Russian advance on key Ukrainian city of Bakhmut appears to stall

The fight for the city is the longest ground battle of the war.

RUSSIA’S ADVANCE APPEARS to have stalled in its campaign to capture the eastern Ukrainian city of Bakhmut, a leading think tank has said in an assessment of the longest ground battle of the war.

The Washington-based Institute for the Study of War (ISW) said there have been no confirmed advances by Russian forces in Bakhmut.

Russian forces and units from the Kremlin-controlled paramilitary Wagner Group continue to launch ground attacks in the city, but there has been no evidence they have been able to make any progress, according to the ISW.

The report cited the spokesman for the Ukrainian Armed Forces’ Eastern Group, Serhii Cherevaty, saying that fighting in the Bakhmut area has been more intense this week, including 23 clashes in the city over the previous 24 hours.

The ISW’s report follows claims of Russian progress earlier this week.

The UK’s Ministry of Defence (MoD) said yesterday that paramilitary units from the Kremlin-controlled Wagner Group have seized most of eastern Bakhmut, with a river flowing through the city now marking the front line of the fighting.

The assessment highlighted that Russia’s assault will be difficult to sustain without more significant personnel losses.

The mining city of Bakhmut is located in Ukraine’s eastern Donetsk province, one of four regions of Ukraine that Russian President Vladimir Putin illegally annexed last year.

Russia’s military opened the campaign to take control of Bakhmut in August, and both sides have experienced staggering casualties.

Ukrainian President Volodymyr Zelensky has vowed not to retreat.

In its latest report on Sunday, the UK’s MoD said the impact of the heavy casualties Russia is continuing to suffer in Ukraine varies dramatically across the country.

Its intelligence update said the major cities of Moscow and St Petersburg remain “relatively unscathed”, particularly among members of Russia’s elite.

In contrast, in many of Russia’s eastern regions, the death rate as a percentage of the population is “30-40 times higher than in Moscow”.

The report highlighted that ethnic minorities often take the biggest hit.

In the southern Astrakhan region, for example, about “75% of casualties come from the minority Kazakh and Tartar populations”.

Russia’s mounting casualties are reflected in a loss of government control over the country’s information sphere, ISW said.

The think tank said Russian Foreign Ministry spokeswoman Maria Zakharova confirmed “infighting in the Kremlin inner circle” and that the Kremlin has effectively ceded control over the country’s information space, with Mr Putin unable to readily regain control.

The ISW sees Ms Zakharova’s comments, made at a forum on the “practical and technological aspects of information and cognitive warfare in modern realities” in Moscow, as “noteworthy” and in line with the think tank’s longstanding assessments about the “deteriorating Kremlin regime and information space control dynamics”.

Elsewhere in Ukraine, Russian attacks over the previous day killed at least five people and wounded another seven across Ukraine’s Donetsk and Kherson regions, local Ukrainian authorities reported on Sunday morning.

Donetsk Governor Pavlo Kyrylenko said two people were killed in the region – one in the city of Kostyantynivka and one in the village of Tonenke.
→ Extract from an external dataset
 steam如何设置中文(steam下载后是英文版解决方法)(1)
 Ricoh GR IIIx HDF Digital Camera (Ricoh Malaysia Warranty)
Another four civilians were wounded.

Local officials in southern Kherson province confirmed that Russian forces fired 29 times on Ukrainian-controlled territory in the region on Saturday, with residential areas of the regional capital, Kherson, coming under fire three times. Three people were killed and a further three injured.

In Ukraine’s north-eastern Kharkiv province, the Kharkiv, Chuhuiv and Kupiansk districts came under fire, but no civilian casualties were reported.

The head of Ukraine’s southern Mykolaiv province, Governor Vitali Kim, said on Sunday morning that the town of Ochakiv, at the mouth of the Dnieper River, came under artillery fire in the early hours of Sunday.

Cars were set on fire, while private houses and high-rise buildings were damaged, but no casualties were reported.